Kristin Rübesamen ist zertifizierte Jivamukti- und Om-Yoga-Lehrerin. Sie hat über ein Jahrzehnt in New York und London gelebt und ihre Ausbildungen noch bei Sharon Gannon und David Life (Jivamukti) und Cyndi Lee (Om Yoga) persönlich gemacht. Als Yoga-Aktivistin, Chefredakteurin von YogaEasy und Yogalehrerin unterrichtet sie seit fast 20 Jahren einen sehr konzentrierten, gleichwohl herausfordernden Stil. Sie ist Autorin von „Alle sind erleuchtet” und „Das Yoga-ABC” .

Biggi02.07.2017
Da bin ich aber mal froh das sich mal Eine Traut auch mal Kritisch mit dem Trend Yoga zu kommentieren. Danke Und bei aller Toleranz verliert so mancher den Yogaweg
Thomas29.06.2017
Auch ich betrachte so manche "neuen" Errungenschaften mit gewissem Befremden. Oft schüttle ich den Kopf. Aber man sollte sich als überzeut pektizierende/r Yogini/Yogi da nicht aus der Ruhe bringen lassen. Mehr als 3500 Jahre hat Yoga bereits überstanden und im Laufe dieser Zeit gab es bestimmt bereits so einige merkwürdige "Bewegungen" und "Missbrauch" des Yogas. Ich z.B. finde es schon ärgerlich, wenn ich auf einer Visitenkarte oder einem Plakat eines Yogastudios "Yoga und Pilates" lese. Für mich ein k.o. Kriterium . In so etwas würde ich mich nie einschreiben. Ich kümmere mich aber nicht um solche Dinge. Letztendlich gibt es ausreichend gute Literatur, Studios und Videos (z.B. auch von yogaeasy.de) und Informationen, Diese komische Welle wird bestimmt wieder abebben. Dafür werden sich manche Menschen dann eben etwas Neues einfallen lassen. Manches davon kann eine sinnvolle Eränzung sein. Ich persönlich fine mein Yoga-Rad ganz praktisch.
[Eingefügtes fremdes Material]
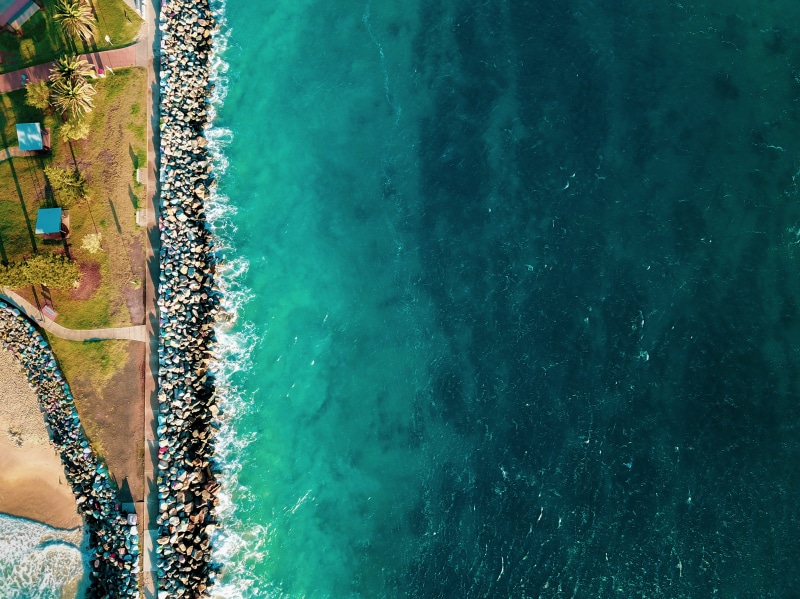 trip, seashore, scenic, people, sea, human body part, tranquility, beauty in nature, day, beach, leisure activity, road, drone shot, travel, high angle view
Ich denke dass man ganz gelassen darauf vertrauen kann, dass die "richtig" Interessierten sich nicht von so manchem Schmarrn verleiten lassen. Aber lustig amüsant finde ich so Manches schon. Danke für den tollen Artikel
Monika29.06.2017
Solange sich im Yoga nicht eine einseitige Schmalspursichtweise entwickelt, sondern für den Anwender immer noch nachvollziehbar und verständlich die Wirkungsweisen erkennbar und zu finden sind, ist es mir eigentlich egal, wie einzelne eine so umfassende Lehre für sich gebrauchen. Jeder Mensch durchläuft ja ständig Phasen und wer im Yoga-Outfit noch das Showprogramm und die Gymnastik absolviert, hat entweder schon alles erreicht oder erobert sich alles im Rahmen seiner Zeit. Mir hat Dein Artikel gefallen, weil er mir noch mal selbst verdeutlich, worum es mir persönlich geht. Danke
28.06.2017
Ich mag deine Artikel weil sie auch mal kritisch sind und nicht nur so fluffig-oberflächlich.weiter so!